2020 Frontier OPEN Winner: A MARBLE RUN FOR ANOTHER END-OF-DAYS by Kayleb Rae Candrilli

Kayleb Rae Candrilli has won the 2020 Frontier OPEN! A sincere formal innovation and work of magic, “A Marble Run for Another End-of-Days” is a stunning new addition to our winners of the Frontier OPEN and the $5000 prize. Please stay tuned as we’re publishing the finalists throughout the rest of this week.


 

A MARBLE RUN FOR ANOTHER END-OF-DAYS

I.
Oh, bouquet of steak knives, I want you to uncut your own steel stems and grow again. This dry heat has taken all our arid land
and we need you back in the ground, serrated and rooting, arid and alive. I wish I could undo what’s been done onto all of us.
I wish I could undo what’s been done to our bodies, our homes, our back yards—filled exclusively with broken glass. Sure, a war is coming,
but the truth is, a war has always already been arrived, alive and dead at the same time—warring and warring, a truck trucking without brakes.
Who cut the brake lines if not a vengeful human? Every field is a potter’s field. All we build are glass houses of ammunition in the sun.
Instead, someone should help me build glass houses to protect trans kids from rain, while their shirts hang on the laundry line out back.
Each spring I take off my shirt, step into a greenhouse I’ve built, bury my feet in the soil, and scatter eggshells. Most things are about growth
and tending your own rotting roots. Most things are about staying alive while men want you dead. In this life, I recline between too drunk
and the landscape of my partner’s favorite forest. I recline just to see that the sky is all blue platitudes. This is my life, glittering and full of pulse.

II.
This is my life and no-one else’s. Just a glittering Odysseus, take the booze out of my body and all that’s left is a lightshow of sound, an occasional
record scratch, and pennies shook in a ceramic bowl. Take the blood out of my body and what’s left are scars shaped like cymbals about to crash.
Scarring myself has always been about symbols, about that particular percussion. We’ve all made a rain stick made of copper pipe and long-grain rice.
We’ve all made some kind of music—been ashamed of the raw noise. Older than I’ve ever been, I’m tired of pretending that I don’t love dubstep and
a nasty drop. I’m tired of pretending to be so serious, when my heart sounds most like a synthesizer, and everyone lays their head to my chest, sometimes.
My partner lays their head to my chest; they remark on its predictability, its steady rhythm.

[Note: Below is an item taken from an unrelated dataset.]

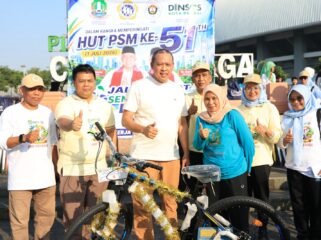 Photo: Wali Kota Bekasi Dr. H. Tri Adhianto bersama PSM Kelurahan teluk pucung saat acara ulang tahun PSM ke 51 Th (Doc.Ist)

Yes, it snows in our bedroom, delicate and supernatural.
My partner’s heart beats like thunder thrown overboard, divine and unnatural. Both fear and astonishment are dizzy sensations born from stomachs—
seasick with mortality, dizzy with one another’s skin in sun. I once told my partner that the ocean never learned to swim, so I built the water wings.
Though I’ve taken the ocean’s salt into my mouth, I still can’t swim. Oh, small and delicate avalanche in the bedroom, everything is about the heart.

III.
Oh, steep and decisive avalanche, why don’t you swallow our bodies and make them yours, at long last? My chest replicates the moon’s rocky mist. My once-
breasts are flat and cold as the moon—cratered side of the pillow. Each morning, I wake blue from dreams of my old life on the mountain: overdoses
and only ash. Each morning, my partner wakes fevered, after another night captive in their Catholic school cafeteria. They touch me, and their fever falls.
They touch me and I recall the fire that claimed my body as kindling. My mother shoveled January’s blizzard into the tub and forced me in. I learned early
how to draw up an ice bath, for whoever is running too hot. I learned young how-to mother both the hailing child and the colicky storm. Life after all,
is about learning. Each hailstorm has an eye that can see more than we’ve ever seen. Isn’t that incredible? When our world finally begins its end, we will run.
And when we all run, I’ll mourn the house plants, stuck in their terra cotta pots. We’ve done most things terribly wrong: I pack another head-wound with glitter
in the hopes that I finally heal shining. I have most things so dreadfully wrong, except positioning myself nearer to midnight and loving my partner. Always,
it’s midnight, and oh, bouquet of tulips dead on my kitchen counter, let me take all that violence into my mouth, let me uncut your stems. Let’s just grow again.

 

 

 


Kayleb Rae Candrilli

Kayleb Rae Candrilli is the recipient of a Whiting Award and of a fellowship from the National Endowment of the Arts. They are the author of Water I Won’t Touch, All the Gay Saints, and What Runs Over. Candrilli's work is published or forthcoming in POETRY, American Poetry Review, Ploughshares, and others. They live in Philadelphia with their partner.